Philippians 3:17 – 4:1

About a month ago, the popular social-networking site Facebook featured “Doppelganger Week.” I really had no idea what that was because I don’t think I had ever heard the word “doppelganger.” When I looked up the word, I found that a doppelgänger is the ghostly double of a living person. But it has come to refer to any double or look-alike of a person. So the ‘Doppelganger Week’ premise was simple: Facebook users took part by switching their Facebook profile picture to whatever celebrity they think they resemble most.

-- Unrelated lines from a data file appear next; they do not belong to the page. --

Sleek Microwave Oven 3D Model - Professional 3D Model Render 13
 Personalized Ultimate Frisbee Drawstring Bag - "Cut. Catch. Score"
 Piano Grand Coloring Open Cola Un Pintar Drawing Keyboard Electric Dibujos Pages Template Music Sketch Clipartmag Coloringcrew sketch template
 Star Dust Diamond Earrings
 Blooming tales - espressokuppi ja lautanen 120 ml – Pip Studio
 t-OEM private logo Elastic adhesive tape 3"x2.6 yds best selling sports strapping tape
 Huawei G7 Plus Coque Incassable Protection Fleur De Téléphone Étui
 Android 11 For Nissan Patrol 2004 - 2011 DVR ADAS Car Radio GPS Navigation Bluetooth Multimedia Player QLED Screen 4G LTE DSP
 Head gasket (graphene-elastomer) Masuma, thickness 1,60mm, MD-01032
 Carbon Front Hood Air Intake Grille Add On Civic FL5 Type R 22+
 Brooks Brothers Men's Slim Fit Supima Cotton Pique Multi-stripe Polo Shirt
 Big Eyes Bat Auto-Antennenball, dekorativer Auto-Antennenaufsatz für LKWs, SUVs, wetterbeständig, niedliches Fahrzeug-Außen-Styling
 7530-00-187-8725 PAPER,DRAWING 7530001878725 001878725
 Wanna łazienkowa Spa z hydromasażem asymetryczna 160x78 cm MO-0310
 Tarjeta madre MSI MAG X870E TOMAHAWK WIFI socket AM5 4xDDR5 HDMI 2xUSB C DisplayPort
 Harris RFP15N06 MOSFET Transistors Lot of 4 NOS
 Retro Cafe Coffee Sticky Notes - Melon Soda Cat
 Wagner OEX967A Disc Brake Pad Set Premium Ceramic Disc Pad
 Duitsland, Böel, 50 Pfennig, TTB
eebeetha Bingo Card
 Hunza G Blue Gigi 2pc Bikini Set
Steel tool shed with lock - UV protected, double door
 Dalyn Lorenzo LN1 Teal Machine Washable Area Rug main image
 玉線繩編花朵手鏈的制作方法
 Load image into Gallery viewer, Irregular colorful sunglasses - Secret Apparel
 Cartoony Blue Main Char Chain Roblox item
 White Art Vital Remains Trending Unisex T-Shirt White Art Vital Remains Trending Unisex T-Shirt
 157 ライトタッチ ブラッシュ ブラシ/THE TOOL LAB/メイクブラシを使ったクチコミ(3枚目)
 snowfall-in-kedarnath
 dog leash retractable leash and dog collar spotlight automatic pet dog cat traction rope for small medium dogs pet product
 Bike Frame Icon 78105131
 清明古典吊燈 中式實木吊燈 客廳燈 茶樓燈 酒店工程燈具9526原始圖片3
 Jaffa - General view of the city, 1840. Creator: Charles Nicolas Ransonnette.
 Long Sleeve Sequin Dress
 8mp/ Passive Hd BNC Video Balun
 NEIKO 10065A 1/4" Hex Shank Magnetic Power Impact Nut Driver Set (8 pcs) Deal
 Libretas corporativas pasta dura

It turned out to be pretty amazing. Our teenagers participated as well, and I learned some things. Sarah Goad really does look like Reese Witherspoon; and Patrick Mooney bears a striking resemblance to Olympic snowboarder Shaun White. Our music minister Chris Weiss struggled all week trying to find a look-alike, and finally put up a picture of Susan Boyle!

My curiosity led me to wonder who would be the celebrity look-alikes of our church staff. I found a web site where you could upload a photo and it would run a face-recognition program to generate eight or ten celebrities who looked like the photo. When I did that, I discovered that our preschool director Carol Neal looks like Laura Bush and Halle Berry. Our pianist Kay McAllister looks like Shelley Winters and Jane Russell, Music minister Chris Weiss looks like Alec Baldwin and Orlando Bloom. Associate minister Holly Fuqua looks like Sally Fields and Elizabeth Hurley. Church secretary Tammy Starbuck looks like Marie Osmond and Shirley Temple. But I was a bit put off when I that I looked like CBS newsman Harry Smith and Dick Cheney!

This may be a stretch, but perhaps our interest in such things reveals something inherent to our humanity; perhaps it gives us a clue as to how we’re wired to live. We like to think of ourselves as rugged individualists who are as unique as snowflakes. But the truth is that we are all grand imitators of other people.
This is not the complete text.